Com efeito, de acordo com o disposto no artº 48º, nº 3 da LGT, a interrupção da prescrição relativamente ao devedor principal não produz efeitos quanto ao responsável subsidiário se a citação deste, em processo de execução fiscal, for efectuada após o 5.º ano posterior ao da liquidação
Porém, no caso de a citação do responsável subsidiário ser posterior ao 5.° ano, se ele for citado até ao fim do prazo de prescrição - como sucedeu no caso vertente - os efeitos da interrupção que derivam da sua própria citação produzem-se em relação a ele (e também em relação ao devedor originário, por força da regra do n° 2 do arte. 48°) – cf. adoptando este entendimento, entre muitos outros, os seguintes acórdãos da Secção de Contencioso Tributário do Supremo Tribunal Administrativo: acórdãos de 27.08.2008, recurso 719/08, de 08.02.2012, recurso 33/12, e de 06.03.2014, recurso 601/13, de 12.10.2016, recurso 951/16 e de 08.02.2017, recurso 248/14.
Assim a citação do recorrido como responsável subsidiário tem relevância própria como facto interruptivo da prescrição, tendo inutilizado para a prescrição o prazo decorrido até à sua verificação.
Sendo que, como vem sublinhando a doutrina e a jurisprudência consolidada deste Supremo Tribunal Administrativo esta citação tem, não só o efeito instantâneo de inutilizar o tempo decorrido, mas também o efeito duradouro de obstar ao decurso da prescrição até ao trânsito em julgado da decisão que puser termo ao processo em que a citação é levada a cabo (arts. 326.°, n.° 1, e 327.°, n.° 1, do CC) - cf. neste sentido, Acórdãos do Supremo Tribunal Administrativo de 05.06.2013, recurso 903/13, de 27.01.2016, recurso 1698/15, de 20.05.2015, recurso 1500/14, de 26.08.2015, recurso 1012/15, de 14.12.2016, recurso 193/14, de 31.03.2016, recurso 184/16 e bem assim Jorge Lopes de Sousa, Sobre a prescrição da Obrigação Tributária, Áreas Edit., 2ª edição, pag. 57.).

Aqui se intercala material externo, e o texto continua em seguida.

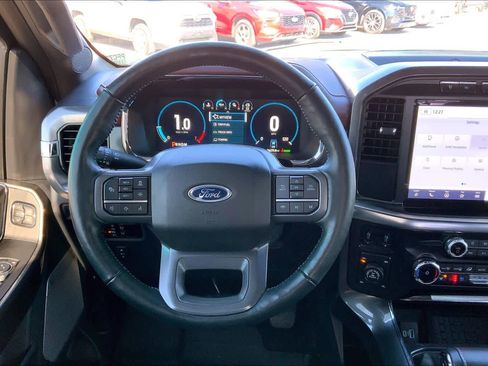 Certified 2023 Ford F150 Lariat w/ Equipment Group 502A High image 6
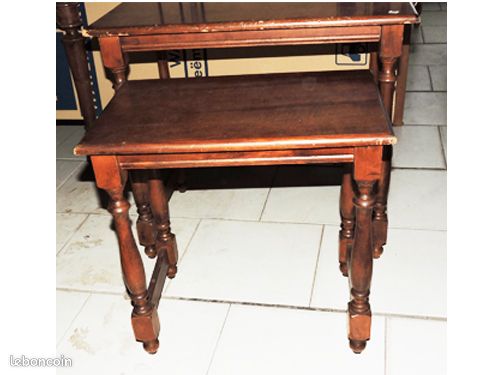 3 Tables Gigogne (image 3)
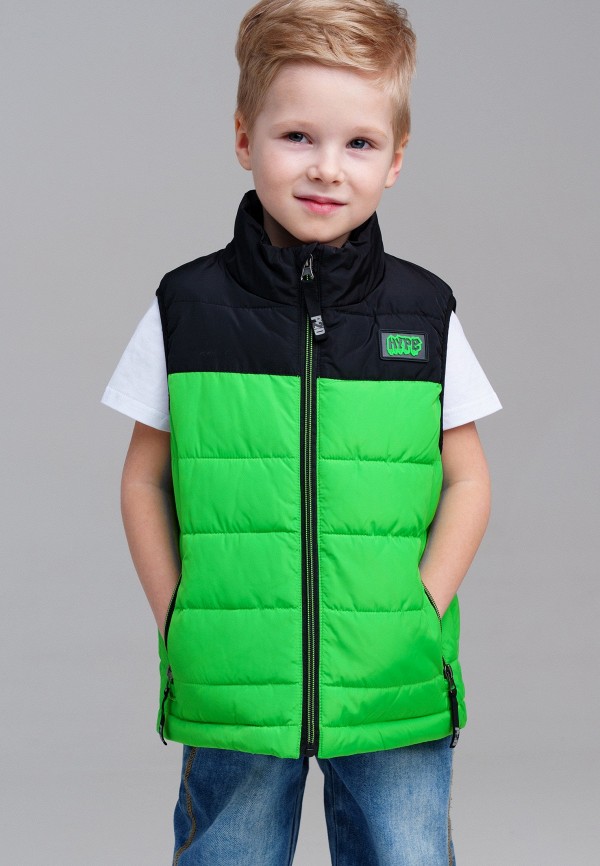 Жилет утепленный PlayToday 3238₽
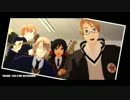 【APヘタリアMMD】学祭実行委員有志でLIVEをしました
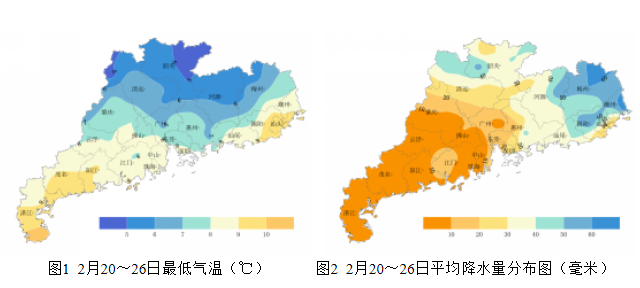广东省农业气象周报（2017年第09期）
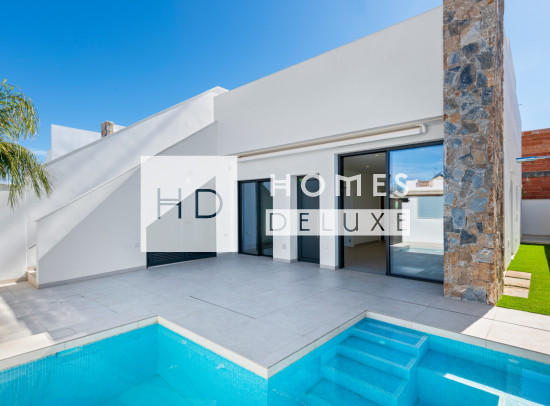 Villas - Nieuw Gebouw - San Javier - San Javier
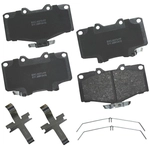 Order BENDIX - SBC611 - Front Disc Brake Pads For Your Vehicle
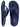 Stride Mens Flip Flops (Navy)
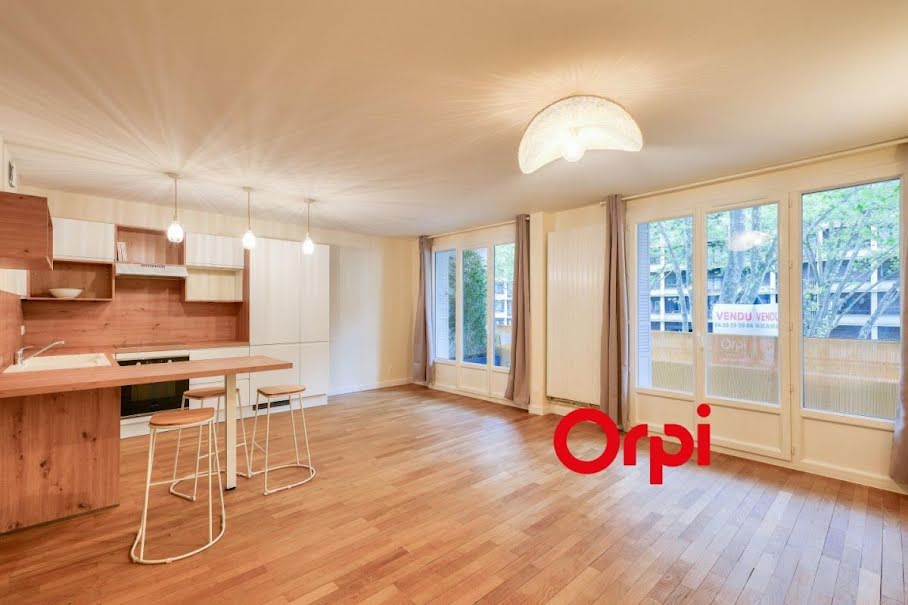 Vente appartement 3 pièces 64 m² à Lyon 2ème (69002), 379 000 €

Nestes termos forçoso é concluir que no caso vertente, por força da eficácia interruptiva autónoma decorrente da citação do recorrido efectuada em 07.03.2007, com o correspondente efeito de eliminação de todo o tempo decorrido anteriormente, determinando o início de novo prazo de prescrição após trânsito da decisão que vier a pôr termo ao processo de execução fiscal, não ocorreu ainda a prescrição de qualquer uma das dívidas exequendas objecto do presente recurso.
Procede, pois, o recurso, pelo que a sentença recorrida, que decidiu em contrário e julgou verificar-se a extinção da instância fiscal executiva contra o oponente, não pode manter-se.

7. Decisão
Termos em que, face ao exposto, acordam os Juízes da Secção de Contencioso Tributário do Supremo Tribunal Administrativo em conceder provimento ao recurso, revogar a sentença recorrida, baixando os autos o tribunal recorrido para conhecimento dos fundamentos de oposição invocados, se a tanto nada obstar.
Custas pelo Recorrido, ainda que sem taxa de justiça uma vez que não contra-alegou.

Lisboa, 21 de Novembro de 2019. – Pedro Delgado (relator) – Francisco Rothes – Isabel Marques da Silva.